Data shown START

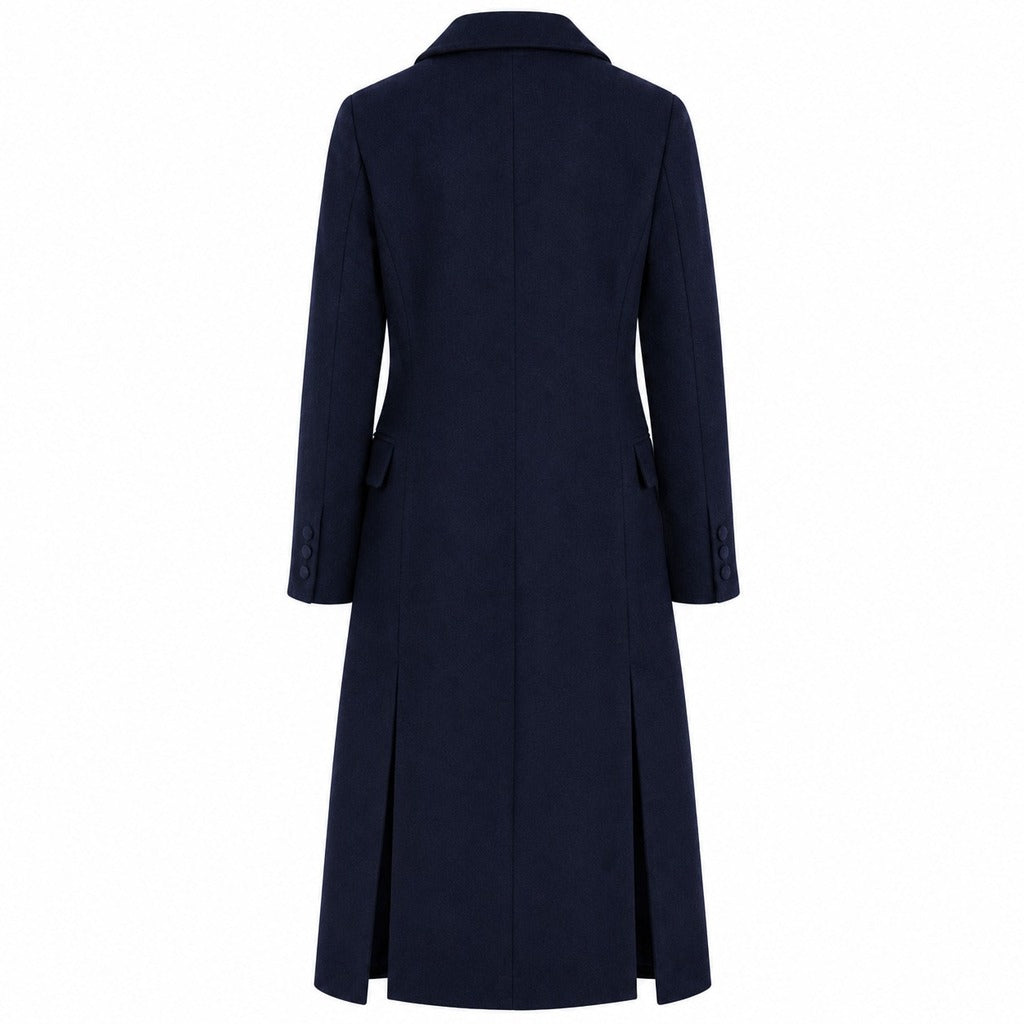 LORO PIANA－緞面翻領雙排扣長版純新羊毛大衣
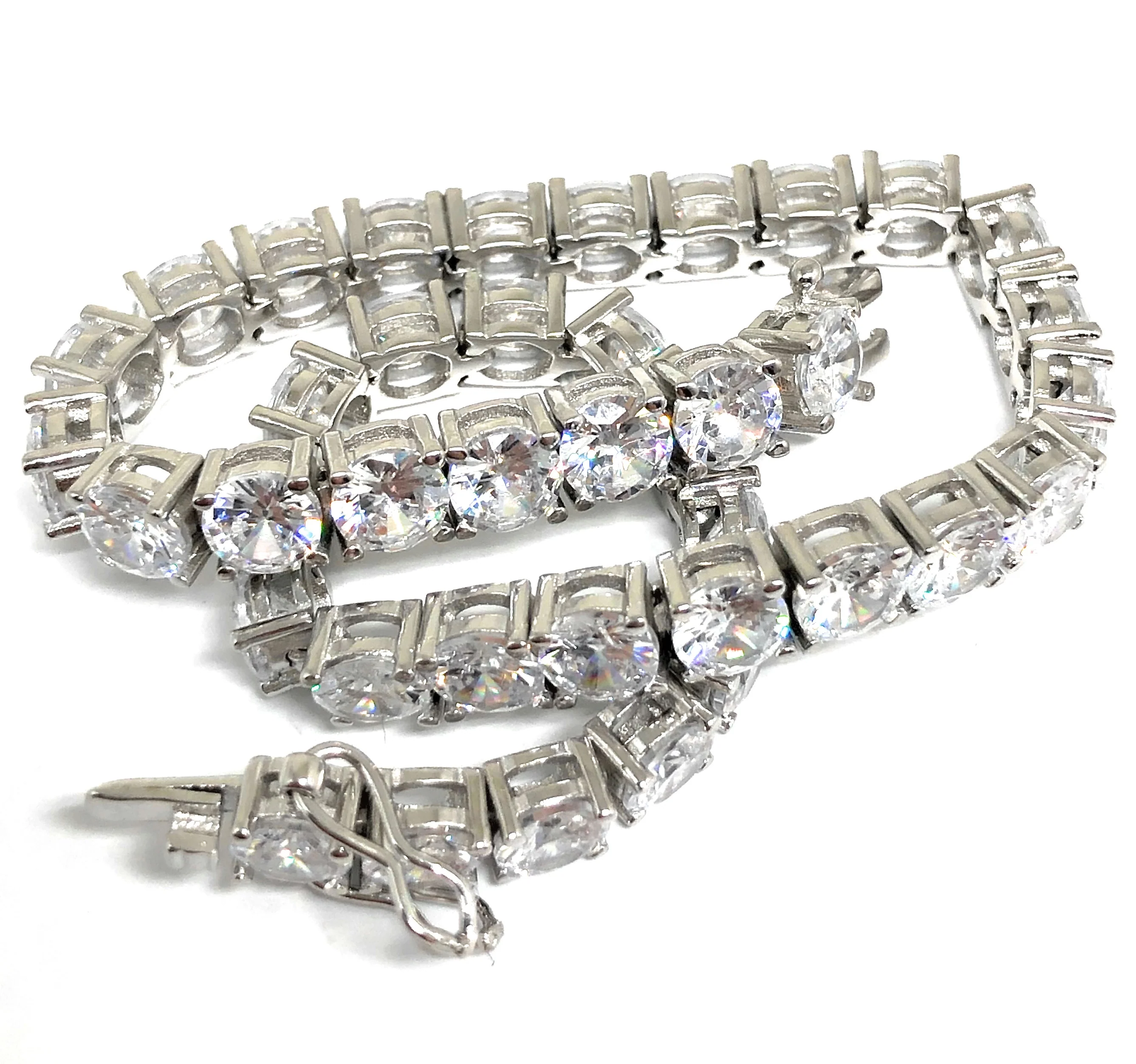 .925 Silver Icced Out CZ Tennis Braccelet 8 inch 5mm width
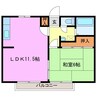 赤目ハイツB棟 1LDKの間取り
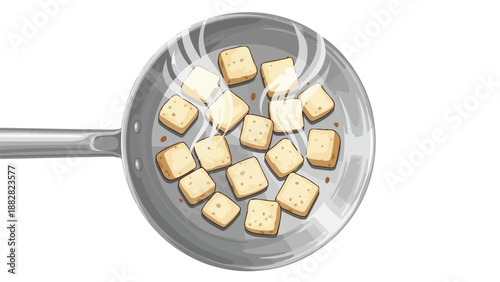Golden tofu cubes gently cooking in a hot non-stick pan, steam rising, aromatic culinary experience for a healthy and nutritious plant-based meal.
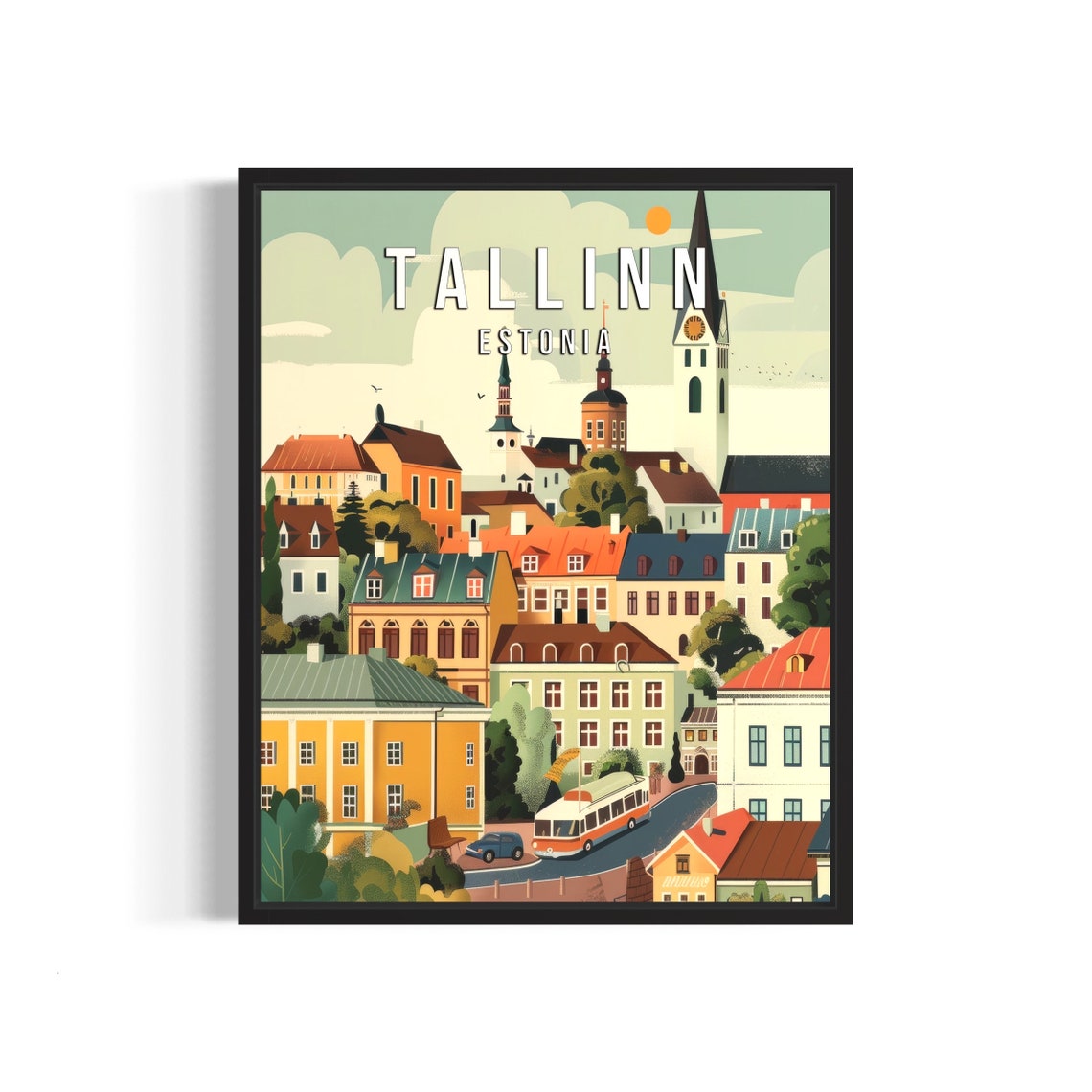 Tallinn Estonia Old Town Rooftops Church Spires Tram Travel Poster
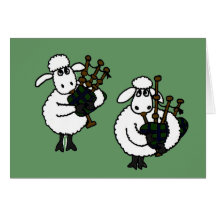 XX- Awesome Sheep Playing Bagpipes Greeting Card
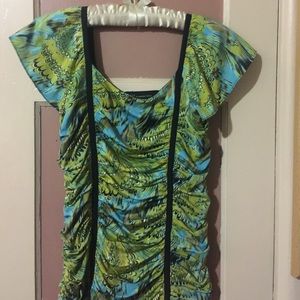INC green blue ruched blouse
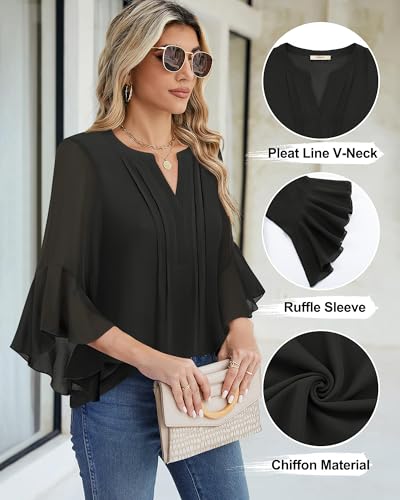 image for Timeson Womens Blouses for Work Professional: 3/4 Sleeve - Black Tops 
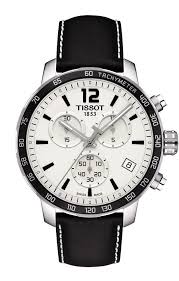 Tissot Quickster Men S Quartz Chronograph Silver Dial Watch With Black Leather Strap Watches Saatler Ve Aksesuarlar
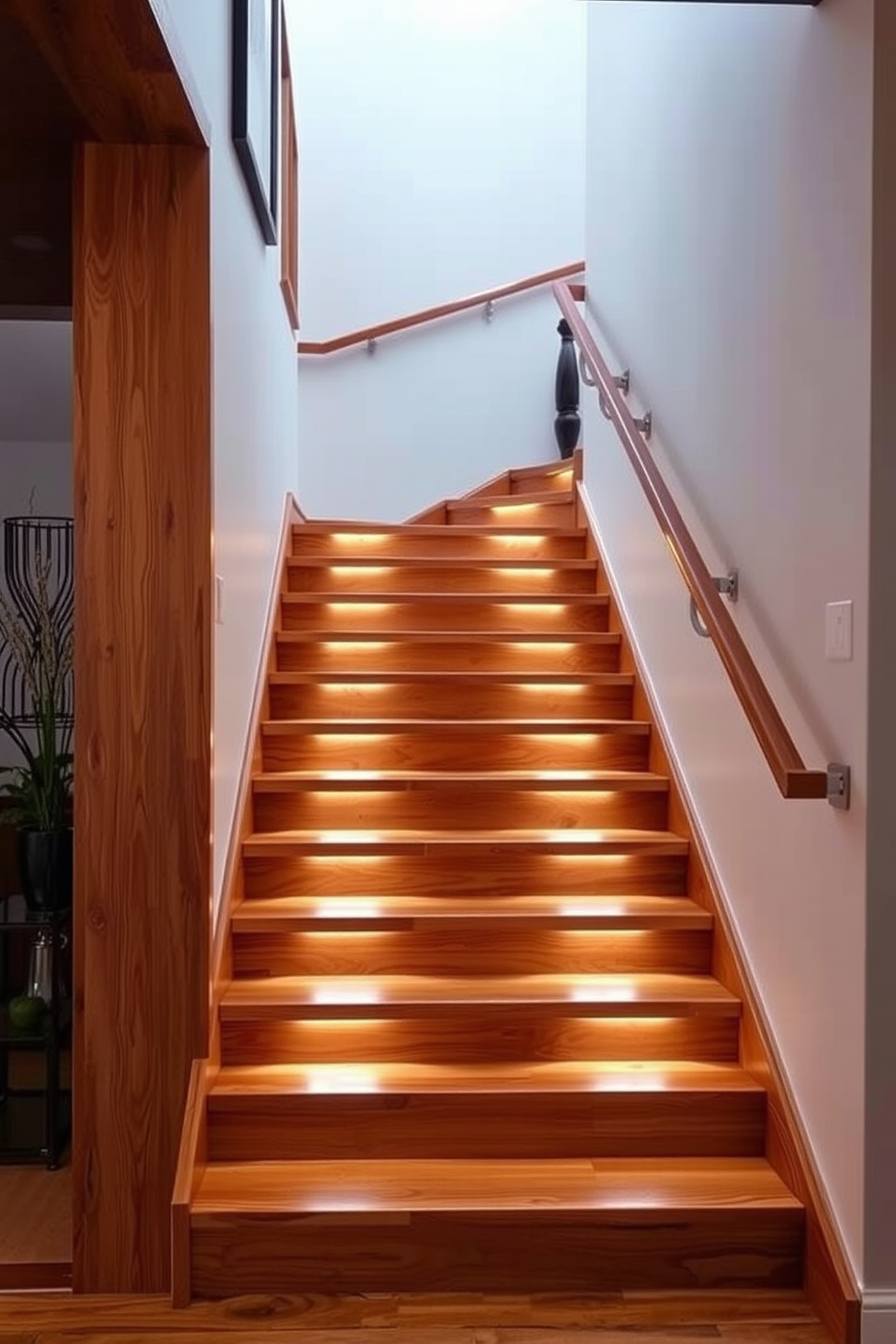 A stunning staircase design featuring a harmonious blend of wood and glass. The wooden steps are complemented by sleek glass railings that create an open and airy feel. The staircase is illuminated by natural light streaming in from large windows nearby. Rich wooden tones contrast beautifully with the clarity of the glass, enhancing the elegance of the space.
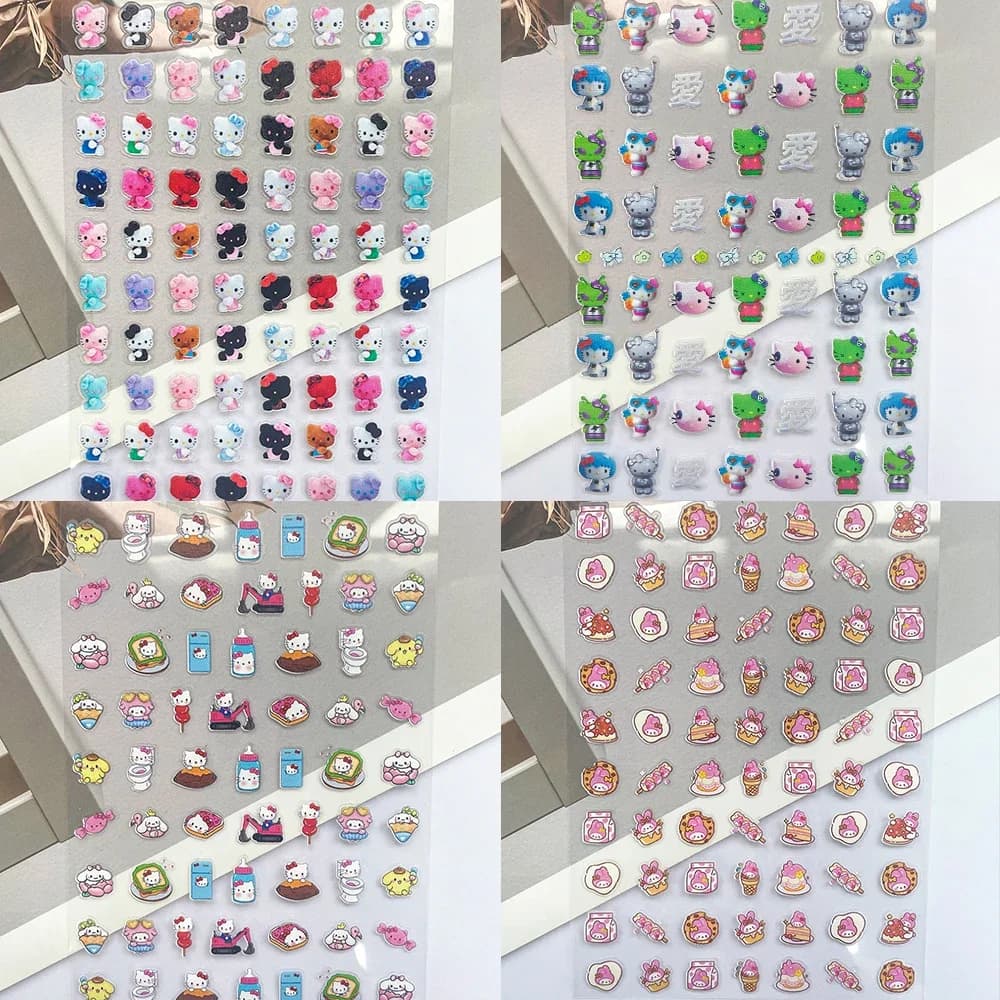Wall decals Kawaii Y2k Hellokitty, Mini Poster, Decorations for Nails, Waterproof, Customized, for Cover Telephone, Cups, Keyboards, Gift for Friends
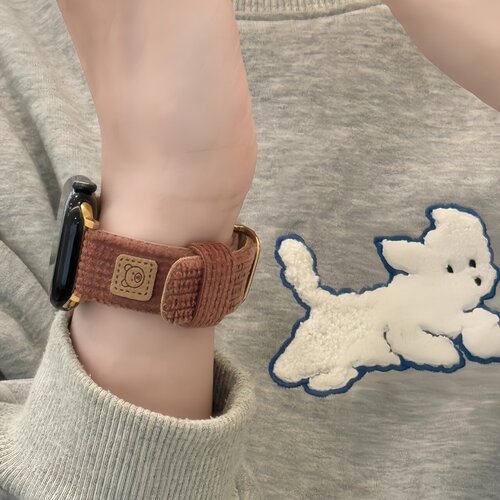 秋冬灯芯绒小熊iwatch表带S11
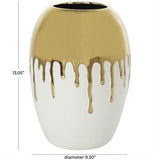 White Ceramic Vase with Abstract Gold Melting Drips - 9" X 9" X 13"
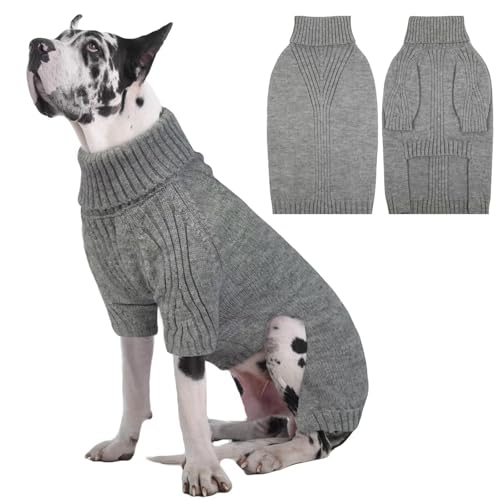 IECOii Great Dane Sweater,5XL Extra Large Sweater for Giant Breed Dogs in Winter,Turtleneck Cold...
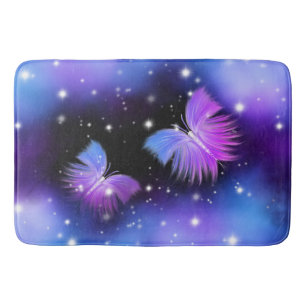 Space Fantasy Butterflies Cosmic Bath Mat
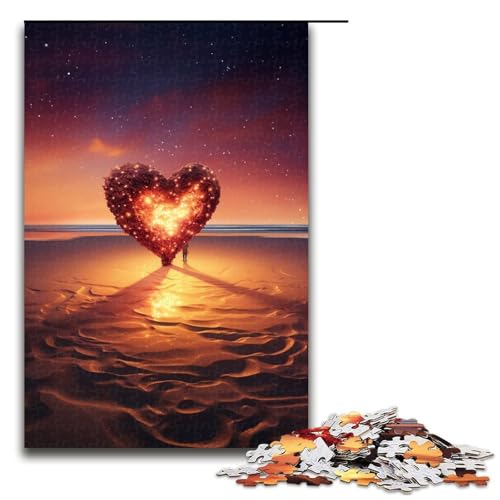 Puzzle für Erwachsene Herz am Strand 1000 Teile Holzpuzzle für Kinder ab 14 Jahren anspruchsvolles Spiel 1000 Teile (75 x 50 cm) von linghhiming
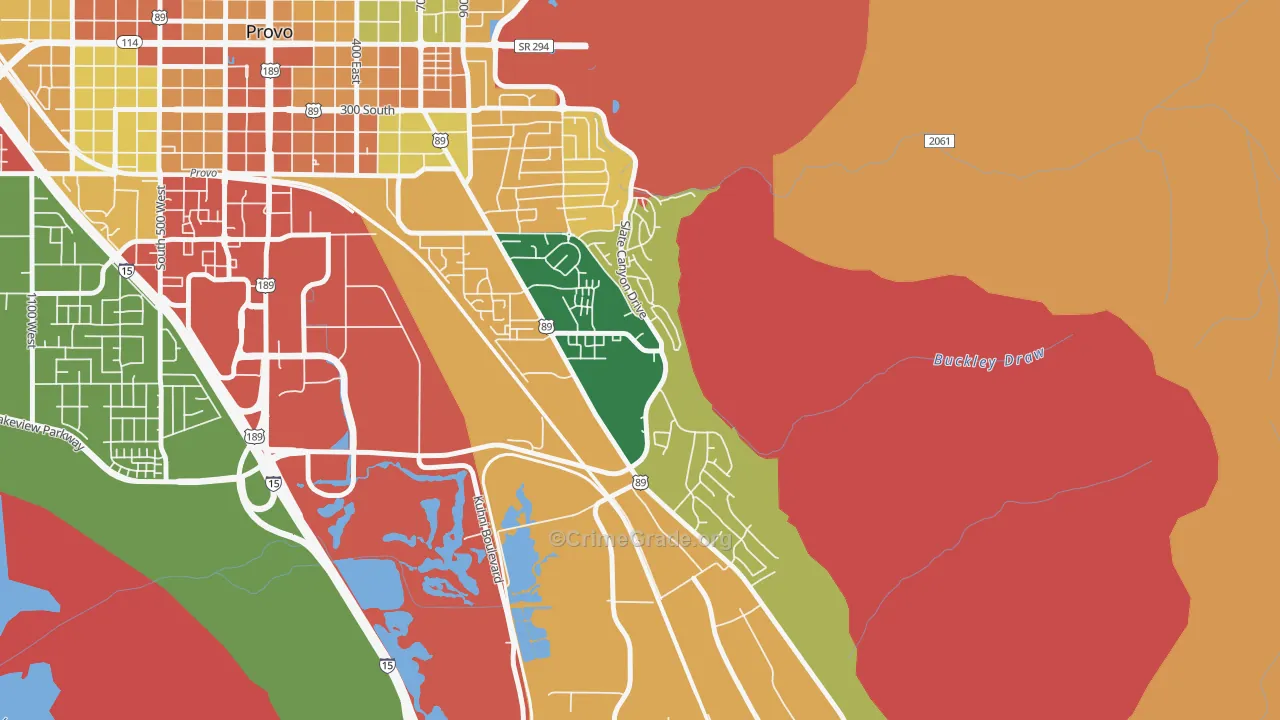 Provo South, Provo, UT Map of Assault Rates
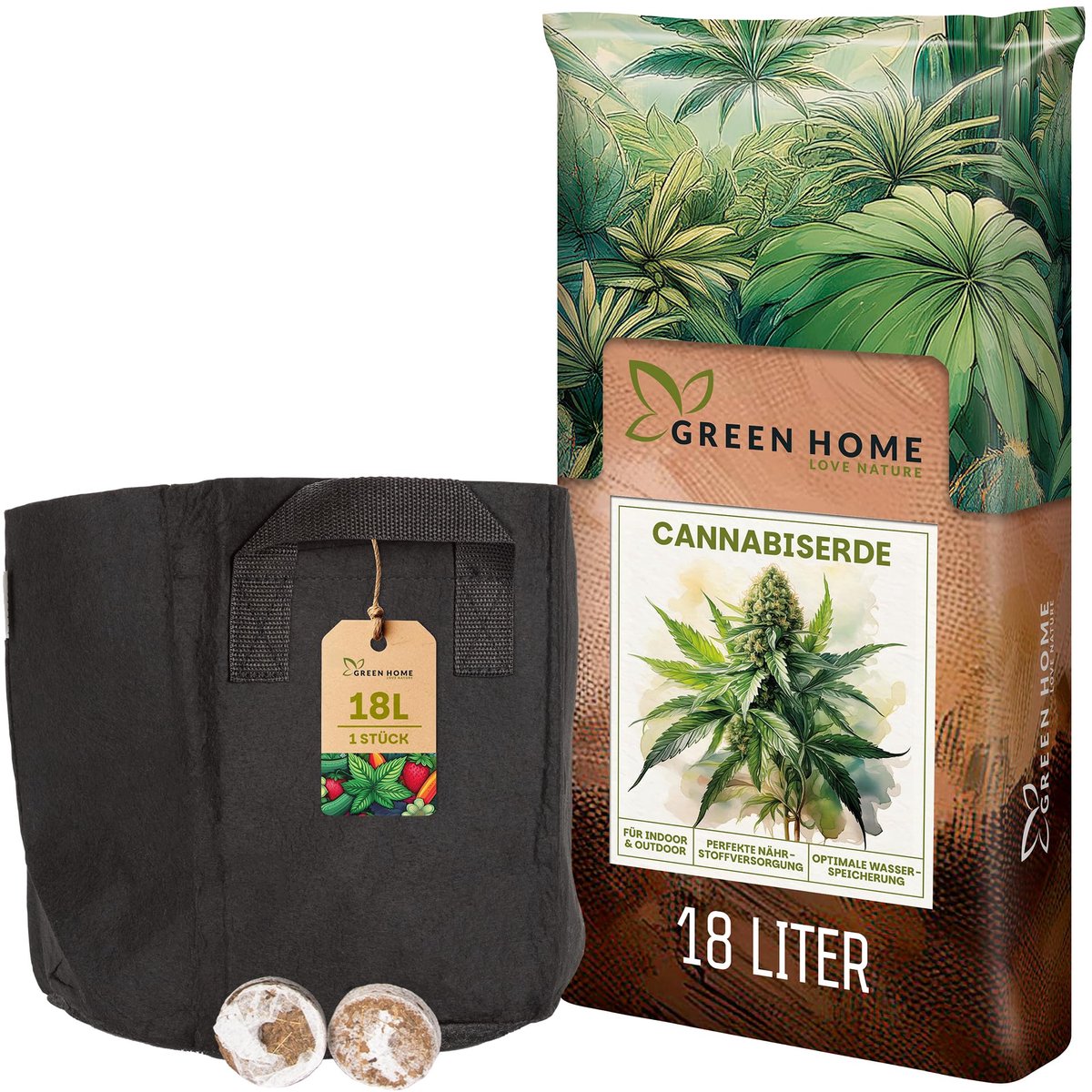 Green Home Love Nature kweek set - kweekgrond 72 liter - 3 kweek zakken 18 liter - 6 coco pluggen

Data shown END

▶ [The task]: Restate the entries above word for word, minus the pictures.

▶ [Answer to the problem]:
 LORO PIANA－緞面翻領雙排扣長版純新羊毛大衣
 .925 Silver Icced Out CZ Tennis Braccelet 8 inch 5mm width
 赤目ハイツB棟 1LDKの間取り
Golden tofu cubes gently cooking in a hot non-stick pan, steam rising, aromatic culinary experience for a healthy and nutritious plant-based meal.
 Tallinn Estonia Old Town Rooftops Church Spires Tram Travel Poster
 XX- Awesome Sheep Playing Bagpipes Greeting Card
INC green blue ruched blouse
 image for Timeson Womens Blouses for Work Professional: 3/4 Sleeve - Black Tops 
 Tissot Quickster Men S Quartz Chronograph Silver Dial Watch With Black Leather Strap Watches Saatler Ve Aksesuarlar
 A stunning staircase design featuring a harmonious blend of wood and glass. The wooden steps are complemented by sleek glass railings that create an open and airy feel. The staircase is illuminated by natural light streaming in from large windows nearby. Rich wooden tones contrast beautifully with the clarity of the glass, enhancing the elegance of the space.
Wall decals Kawaii Y2k Hellokitty, Mini Poster, Decorations for Nails, Waterproof, Customized, for Cover Telephone, Cups, Keyboards, Gift for Friends
 秋冬灯芯绒小熊iwatch表带S11
 White Ceramic Vase with Abstract Gold Melting Drips - 9" X 9" X 13"
 IECOii Great Dane Sweater,5XL Extra Large Sweater for Giant Breed Dogs in Winter,Turtleneck Cold...
 Space Fantasy Butterflies Cosmic Bath Mat
 Puzzle für Erwachsene Herz am Strand 1000 Teile Holzpuzzle für Kinder ab 14 Jahren anspruchsvolles Spiel 1000 Teile (75 x 50 cm) von linghhiming
 Provo South, Provo, UT Map of Assault Rates
 Green Home Love Nature kweek set - kweekgrond 72 liter - 3 kweek zakken 18 liter - 6 coco pluggen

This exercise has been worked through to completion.